PREDICTIONS AND PROPHECIES IN US AND UK
WITH INDIA.
Liability in the area of prediction, prophecies or forecast is still not defined clearly in India.
Same goes with many other countries in the world. There hasnt been any substantial case
regarding this anywhere in the world. In India we have Godmen, astrologers, yogis etc. who
make predictions and try to provide solutions to people which are illogical and still people are
convinced that they have the remedy. But, when they go wrong no law dictates what the legal
scenario should be.

Even in the US there is no law which dictates tortious liability for a wrong prediction. But,
there is a law which can fix the liability in certain cases. For government employees, liability
for any misrepresentation even in weather forecasting is prohibited under FTCA 42. In
general, there is no liability for providing information in the US. To hold anyone liable in US
for a wrong prediction it needs to be proved that negligence has been a part of making that
prediction.
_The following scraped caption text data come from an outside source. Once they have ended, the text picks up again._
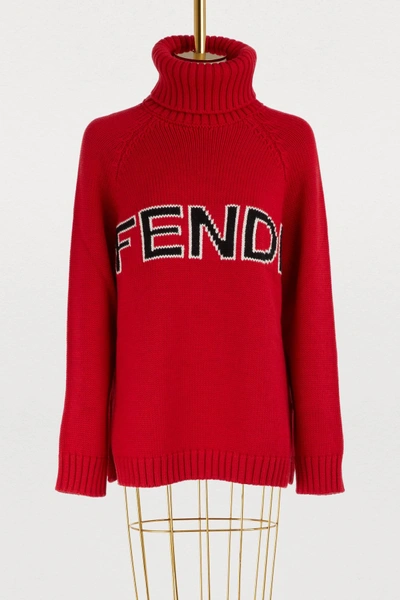 Shop Fendi Turtleneck Sweater In Jelly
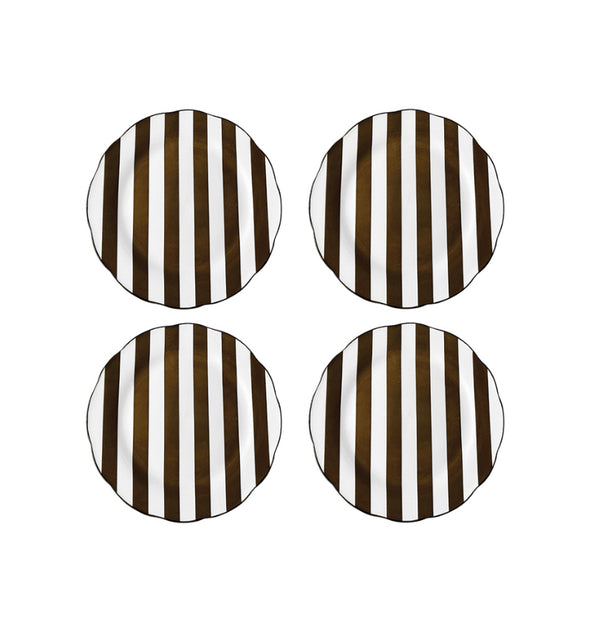 Assiette dessert Brun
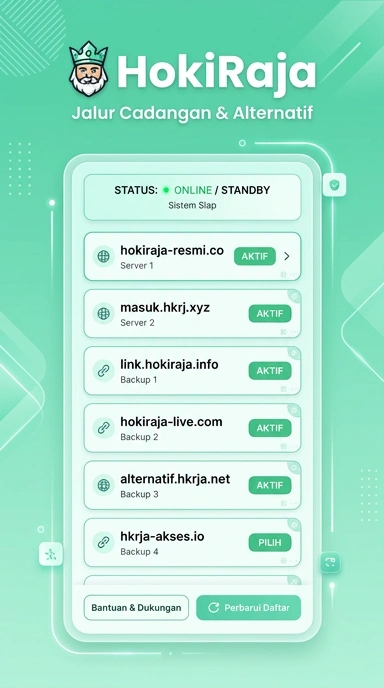 Link Alternatif Hokiraja untuk Akses Mudah
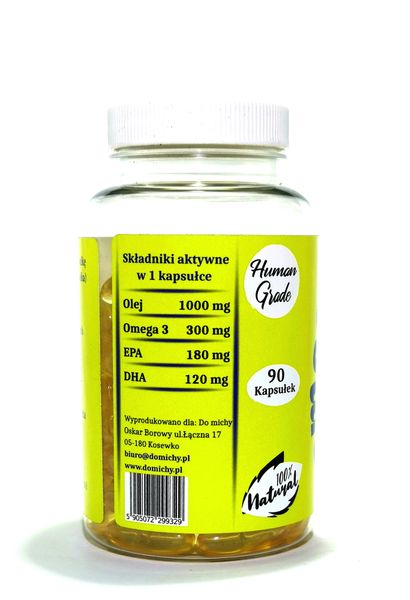 Olej Omega-3 dla psa Do michy 90 kapsułek zdjęcie 3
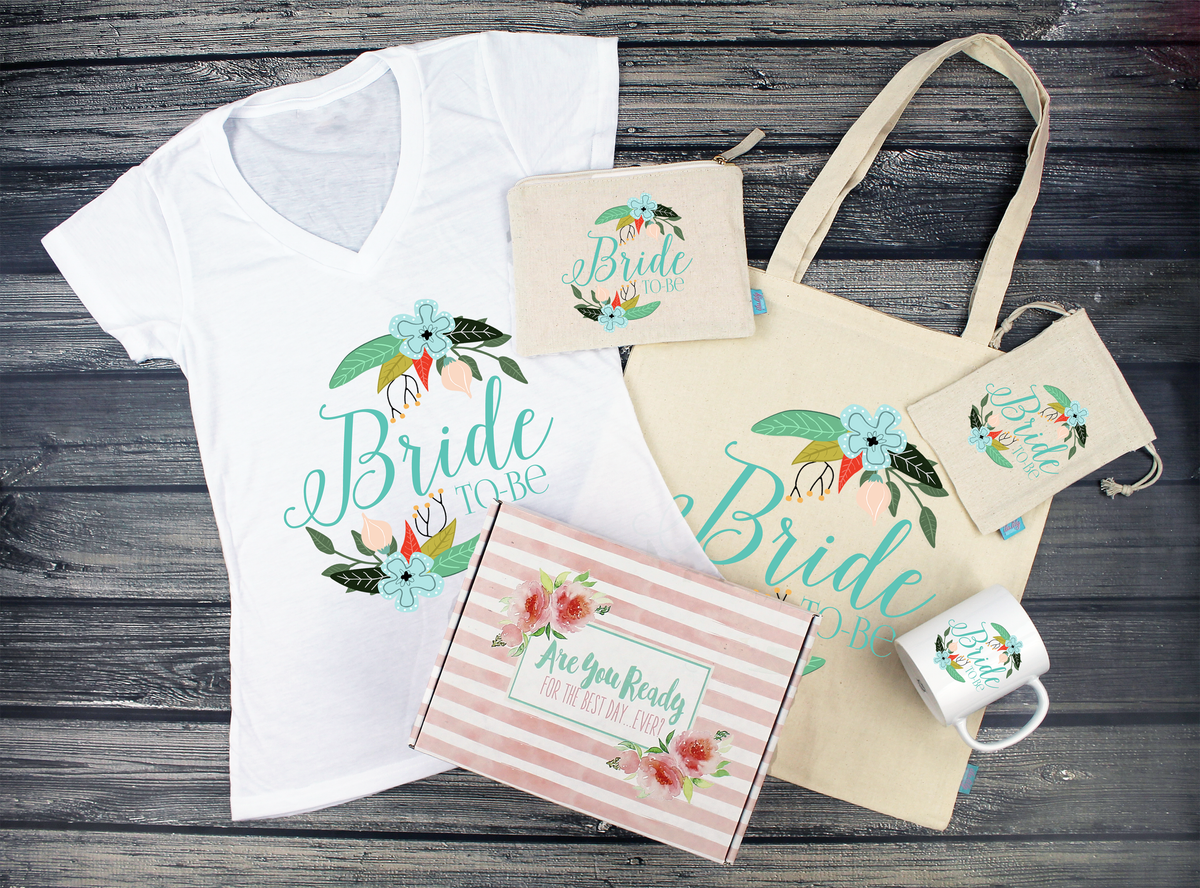 Bride To Be Box | Gift for Bride to Be | Fancy Floral Bride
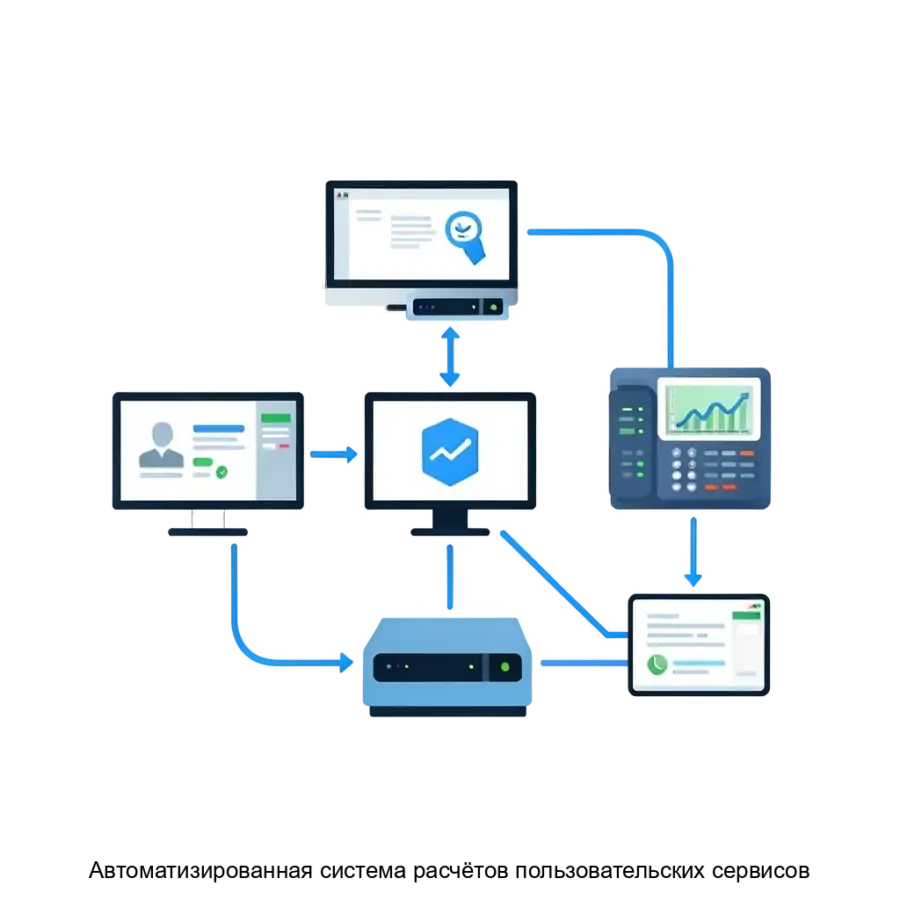Автоматизированная система расчётов пользовательских сервисов — это комплексное программное решение. Основная задача: автоматизация биллинга телеком-услуг с API и SDWAN интеграцией.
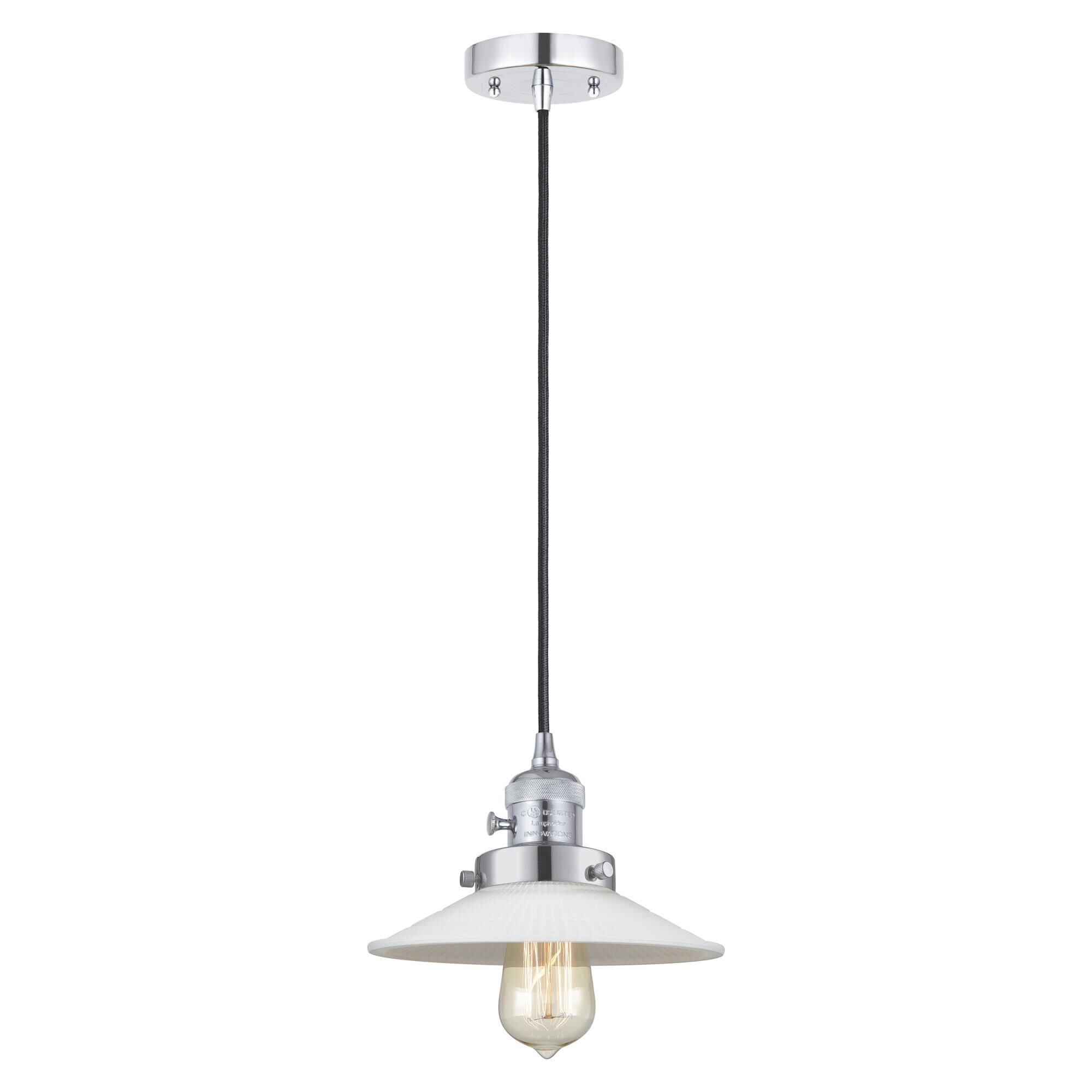 Shown in Polished Chrome finish and Matte White glass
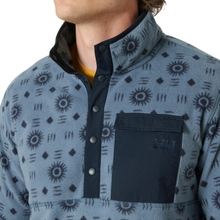 Load image into Gallery viewer, Helly Hansen Men&#39;s Maridalen Printed Half Snap Fleece (Wash Navy AOP)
The burden of proof lies on the plaintiff in such cases as well. In Barite v. US43
where the plaintiff lost his wife and five children washed away in the tornado pleaded for a
fair compensation for the negligence of weather forecast which eventually proved out to be
wrong but he didnt get any compensation because he could not prove negligence on their
part. Further testimony by an expert provided that the weather forecast was more or less

42 The Federal Torts Claims Act 1946.

43 Bartie v. United States W.D. 1963 LA .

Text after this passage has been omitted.